Short web captions:
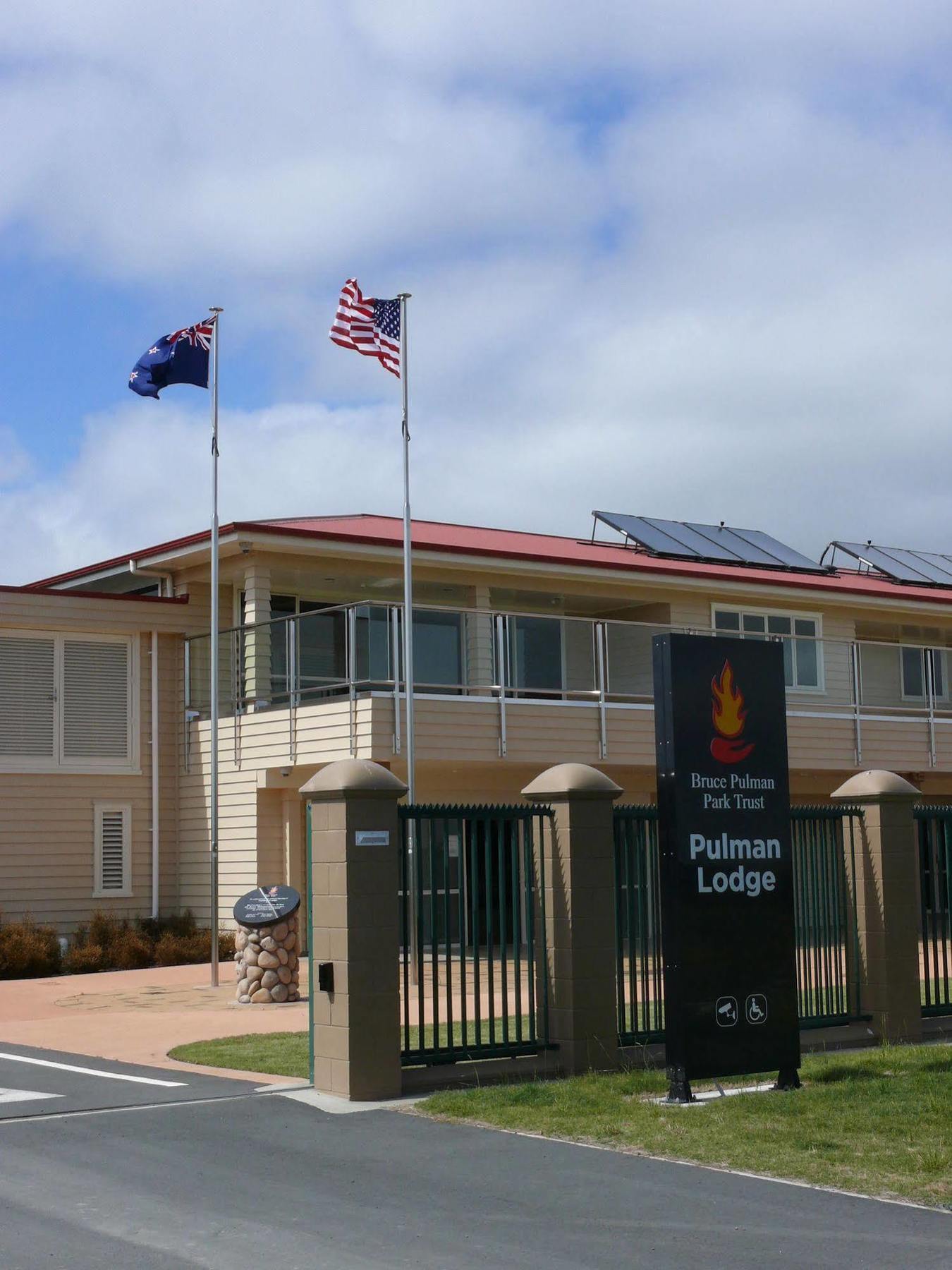Bruce Pulman Lodge Papakura Exteriör bild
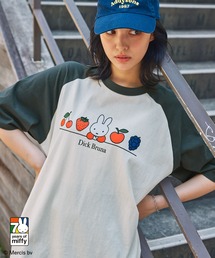 絵本、服等 歴史踏まえ「リアル」追求 イラストレーター「愛知県JK制服目録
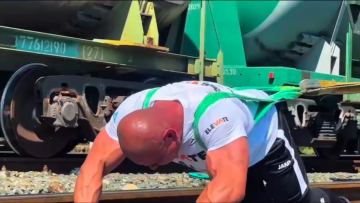 اتىراۋلىق ٶرتسٶندٸرۋشٸ 165 توننالىق ۆاگوندى سٷيرەپ, قازاقستان رەكوردىن جاڭارتتى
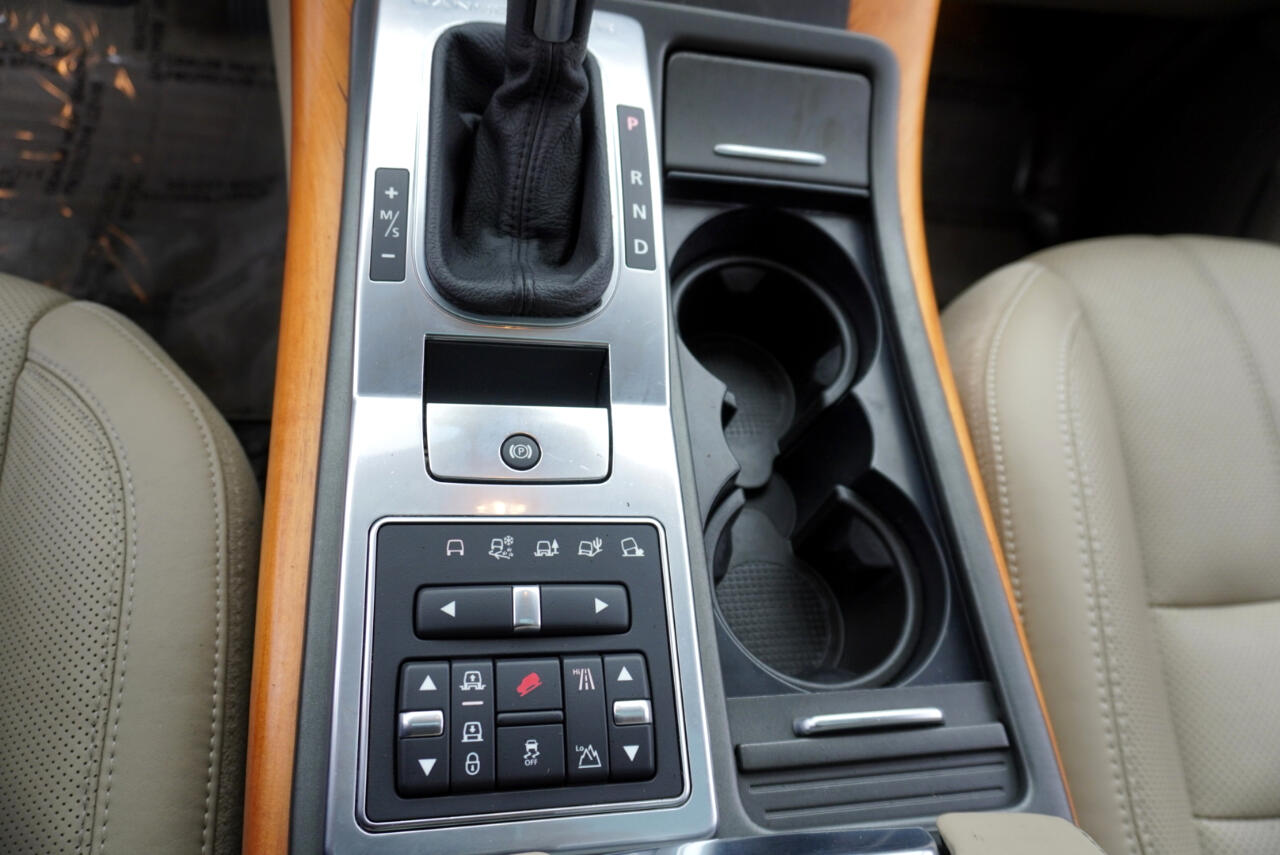 2012 Land Rover Range Rover Sport HSE photo 17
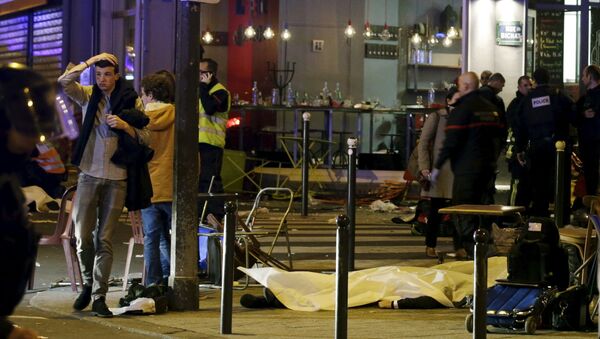 Lugar de uno de los atentados en París - Sputnik Mundo
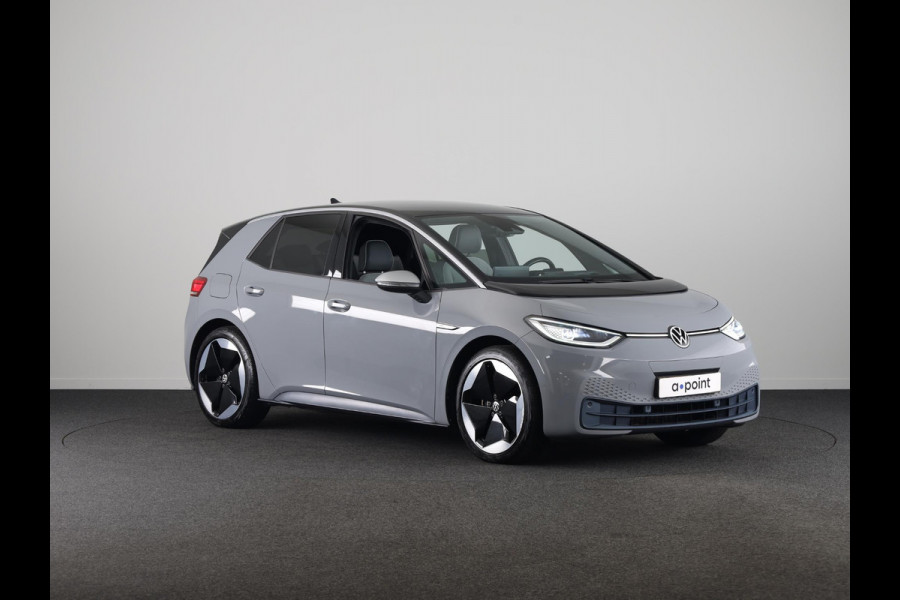 Volkswagen ID.3 First Max 58 kWh 204 PK | Navigatie | Camera | Parkeersensoren | Panoramisch dak | Bestuurderstoel met geheugen |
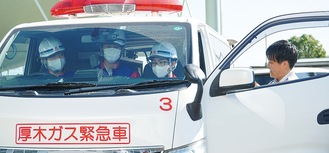 緊急車両に乗り込む中学生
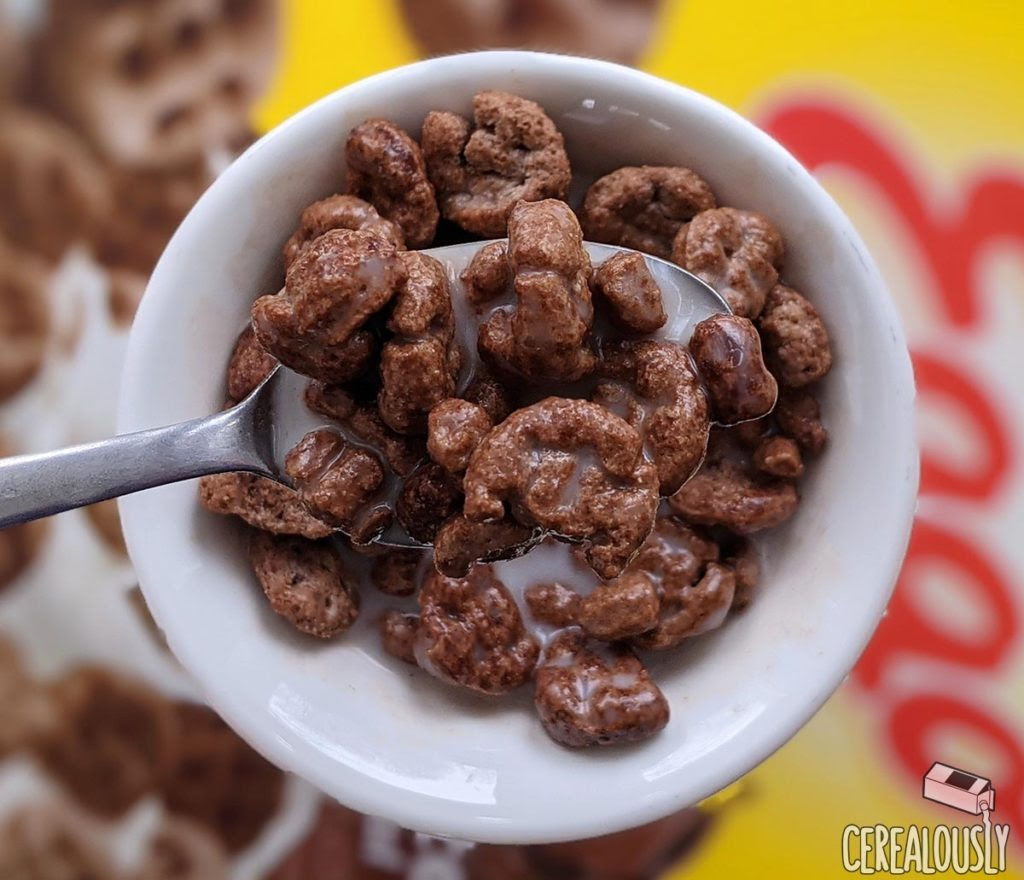 Review Eggo Chocolate Waffle Cereal
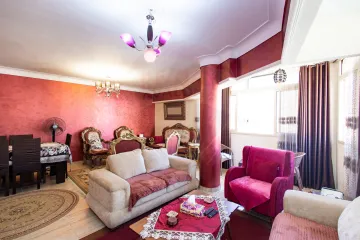 شقة للبيع 140 م ميامي (ش جمال عبد الناصر مباشره)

EXERCISE DIRECTIONS: In the records above, find the line containing "Volkswagen ID.3 First" and restate it and every line after it word for word, all pictures excluded.

REPLY TO THE EXERCISE:
 Volkswagen ID.3 First Max 58 kWh 204 PK | Navigatie | Camera | Parkeersensoren | Panoramisch dak | Bestuurderstoel met geheugen |
 緊急車両に乗り込む中学生
 Review Eggo Chocolate Waffle Cereal
 شقة للبيع 140 م ميامي (ش جمال عبد الناصر مباشره)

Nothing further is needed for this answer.